An old and ugly witch (Meryl Streep) offers a childless baker (James Corden) and his wife (Emily Blunt) the chance to actually have a little bun in the oven, so to speak, if only they will acquire 4 items for her that she needs. A cloak as red as blood, a slipper of gold, hair the color of corn and a cow that is milk white. If you’re familiar with your fairy tales you can already see where this is going. Off into the woods the couple goes in search of the items. The red cloak is found in the form of little red riding hood, who really doesn’t want to get rid of the cloak. On her way to grandmother’s house she’s going, but along the way she runs into that famed big bad wolf (Johnny Depp). Soon enough she and grandmother are swallowed up, only to have the baker rescue them. In her thanks, Red offers the cloak to the baker and off he goes. Simultaneously a young boy named Jack (Daniel Huttleston) has been charged by his mother to sell their white cow in order to keep from starving. Meeting up with the Baker and his wife, the dim witted boy trades the cow for a handful of beans (beans actually stolen from the garden of the witch). The other two items obviously come from Rapunzel’s (Mackenzie Mauzy) and Cinderella’s (Anna Kendrick) slipper, which have their own troubles in life. 
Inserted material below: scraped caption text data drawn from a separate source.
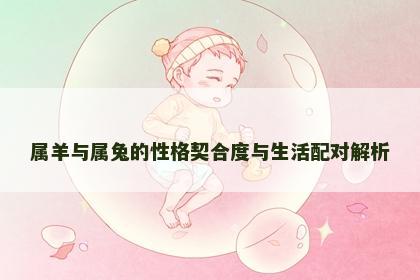 属羊与属兔的性格契合度与生活配对解析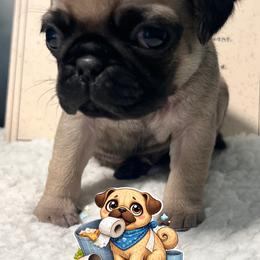 Bernard - Fawn male Pug puppy in Martville, New York from Hug a Pug LLC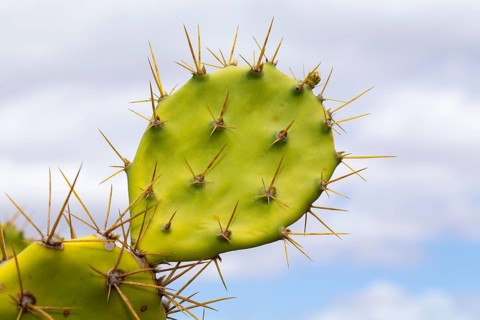 Leaf with spines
Being that this is a whole interconnected story the Baker and his wife aren’t the only people in distress. Jack is desperate to get milky white back and uses the magic beans to go up and defeat the giant of legends and bring back gold for his mother and enough to buy back his cow. Cinderella is trying to go to the prince’s ball and nab herself a husband in the form of Prince Charming (Chris Pine). Rapunzel and Prince Charming’s brother find themselves in love, which infuriates the evil witch, and Red Riding hood is still dealing with the issues of being eaten by a wolf. We all know the old “Disney” versions where Rapunzel gets the prince, Cinderella hers, and Jack is rich and wealthy after his deeds, buuuuuuuuuuuuuuuuuuuuuuuuuuuuuuuuuuuuuuuuuuuuuuut, we’re only half way through the movie and this is where things get dark in hurry. As mentioned above, there’s ALWAYS a consequence to actions, no matter what they are. In this case people start reaping the fruit of their folly. Cinderella has a charming prince, but unfortunately not a very sincere one. The baker and his wife get their child, but the wife is more than a little enamored with Prince Charming, Prince Charming two gets his eyes stabbed out by the witch, and little old Jack now has the giant’s wife chasing him back down the beanstalk to avenge her dead husband. Now the group is in shambles, their lives in disarray and they have to build themselves back up from the ashes once more.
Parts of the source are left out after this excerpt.